Here you can see really simple test on 64x64x64 grid using Radeon HD4870
http://de.youtube.com/watch?v=x3oQcopUvYM
The main bottleneck seems to be streamRead() and streamWrite() functions for 3d streams with seems really slow.
I have done simple benchmarks without kernel calculation and one simple streamRead() on 128*128*128 stream needs around 150ms to complete.
streamWrite() needs approximately another 150ms, why is it so slow?
If I use CodeAnlyst to measure performance of my test application then the most time consuming funktion is memcpy() folowed by brook::CALMem::setDataAT() and brook::CALMem::getDataAT().
1D stream seems to be 3 times faster as 3D but this is still not really fast.
Of course it wold be really useful if streamRead() and streamWrite() could be used as rare as possible but for this purpose permanent stream will be needed.
Is this hardware limitation of software?
Could I expect significant speedup if I will use CAL only?
thanks for you answer in advance,
Remotion
Edit:
Well as I can see this proble is that getDataAT() and setDataAT() will call memcopy for every 2097152 elements and of course this is really really sloooow.
Is this a BUG?
Bu the way CALMem::getDataAT() sems to copy two times if (streamRank == 1) because there is no else like in setDataAT(), this must be a bug.
The simulation looks nice, Remotion.
What do you mean when you say "...but for this purpose permanent stream will be needed." ? Are you creating and destroying streams in every loop?
Yes I call one big Brook function from my c++ code with first alloc some streams then copy data to it using streamRead() then do all the calculation on GPU and then copy data back using streamWrite().
FluidSolverGPU(float3 v)
{
float3 sv<x,y,z>;
streamRead(sv,v);
solverFluidsKernel(sv);
streamWrite(sv,v);
}
Something like this pseudo function will be called every frame of simulation.

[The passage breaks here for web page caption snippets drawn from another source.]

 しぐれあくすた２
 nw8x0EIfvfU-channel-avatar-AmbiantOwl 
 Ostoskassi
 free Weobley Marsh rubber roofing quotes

The calculation on GPU seems to be really fast but probably 100x faster as on QuadCore CPU but the copying is really slow.
I have not found any way until now to create container with stream to allocate it once on begin of the simulation.
struct FluidStreams
{
float3 sv<,,>;
float sd<,,>;
};
Something like this...
Hi,
In my test it seems that 1D stream transfer is faster as 3D streams.

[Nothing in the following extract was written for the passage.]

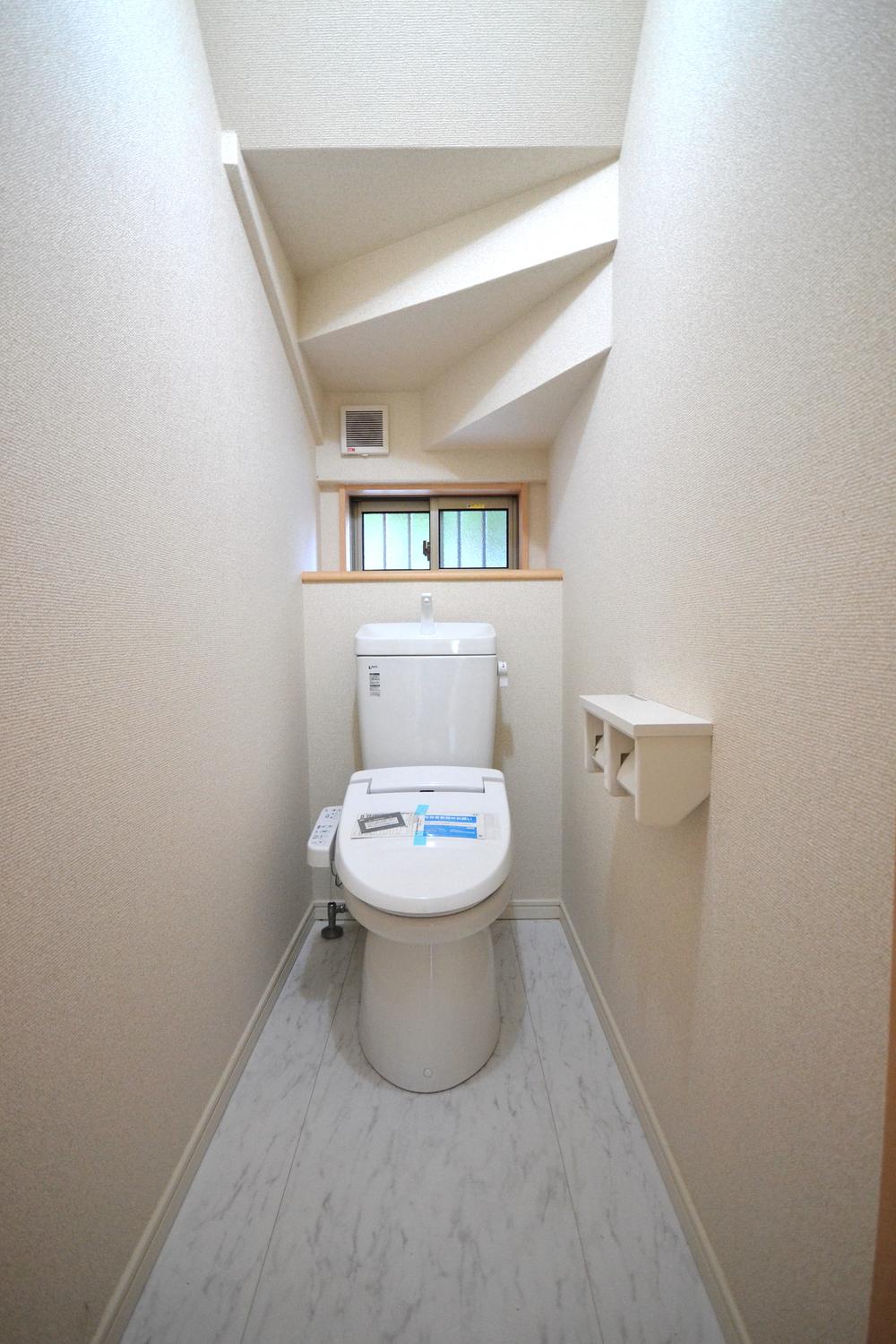 Same specifications photos (Other introspection). Same specifications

So i could try to use 1D stream with is of course a bit tricky.
I copy every frame becouse I do not know way to leave stream on GPU the whole simulation time.

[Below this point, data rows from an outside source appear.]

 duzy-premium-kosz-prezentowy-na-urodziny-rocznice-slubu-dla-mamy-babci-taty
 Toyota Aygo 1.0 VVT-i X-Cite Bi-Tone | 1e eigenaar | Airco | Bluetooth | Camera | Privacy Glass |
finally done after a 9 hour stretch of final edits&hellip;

Getting data from GPU is of course still necessary for rendering.
But writing data to GPU is still necessary for external forces for example.
regards,
Remotion
Hi, maybe you can create static data
static float3 sv<128,128,128> and look your code to reduce streamwrite streamread
I had the same problem, Kernel on GPU was very fast but Read and Write was slow (like in CUDA), with static data i succeed to reduce Read and Write.
Hi,
static stream is nice Idea but it has some problems.
First I am usin Brook+ from virtual call witch can have multiple instances and so overwrite results and second I need variable sized stream and not allways 128*128*128.
But for temporaly storage this could be interesting.
Thanks,
Remotion
Originally posted by: ryta1203 This actually brings up a question I had: When you read the data to a kernel will it stay on the GPU over multiple kernel calls?
Yes it will stay in the GPU until you stream container will be deleted!
{
float a<100>;
streamRead(a,..);
while (...)
{
kernelCall(a,..);
}
streamWrite(a,..);
}//here the stream a will be deleted.
By creating you own stream instance fro c++ code the stream can be usen inside classes to and destroyed if the class will be destroyed.
Remotion
Just want to say thank you for such a wonderful information, it was really helpful!